Independent learning (IL), despite being a popular approach in practice to achieve scalability in large-scale multi-agent systems, usually lacks global convergence guarantees. In this paper, we study two representative algorithms, independent $Q$-learning and independent natural actor-critic, within value-based and policy-based frameworks, and provide the first finite-sample analysis for approximate global convergence. The results imply a sample complexity of $\tilde{\mathcal{O}}(\epsilon^{-2})$ up to an error term that captures the dependence among agents and characterizes the fundamental limit of IL in achieving global convergence. To establish the result, we develop a novel approach for analyzing IL by constructing a separable Markov decision process (MDP) for convergence analysis and then bounding the gap due to model difference between the separable MDP and the original one.
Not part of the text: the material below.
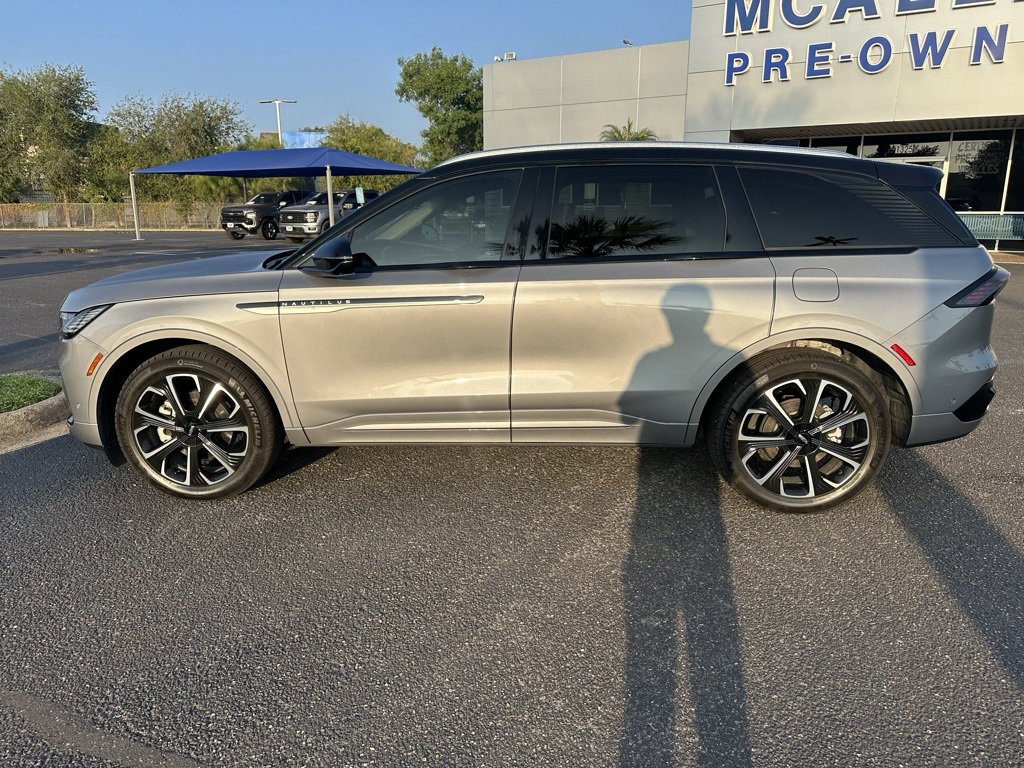 Used 2024 Lincoln Nautilus Reserve image 3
Moreover, we conduct numerical experiments using a synthetic MDP and an electric vehicle charging example to verify our theoretical findings and to demonstrate the practical applicability of IL.
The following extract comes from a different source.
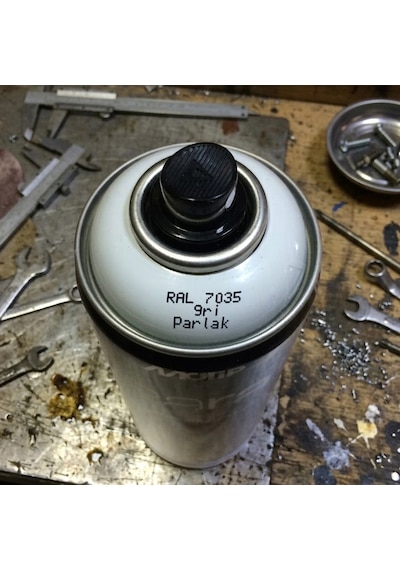 Motip Carat Ral 7035 Sprey Boya 400ml - Parlak Gri Çok Renkli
翻译：独立学习（IL）尽管在实践中作为实现大规模多智能体系统可扩展性的流行方法，通常缺乏全局收敛性保证。本文在基于值和基于策略的框架下研究了两种代表性算法——独立Q学习和独立自然演员-评论家，并首次提供了近似全局收敛的有限样本分析。结果表明达到$\tilde{\mathcal{O}}(\epsilon^{-2})$的样本复杂度，其误差项捕捉了智能体间的相互依赖性，并刻画了IL实现全局收敛的基本极限。为建立该结果，我们开发了一种分析IL的新方法：通过构建可分离马尔可夫决策过程（MDP）进行收敛性分析，进而界定可分离MDP与原始模型间差异所导致的误差间隙。此外，我们通过合成MDP和电动汽车充电案例的数值实验验证了理论发现，并证明了IL的实际适用性。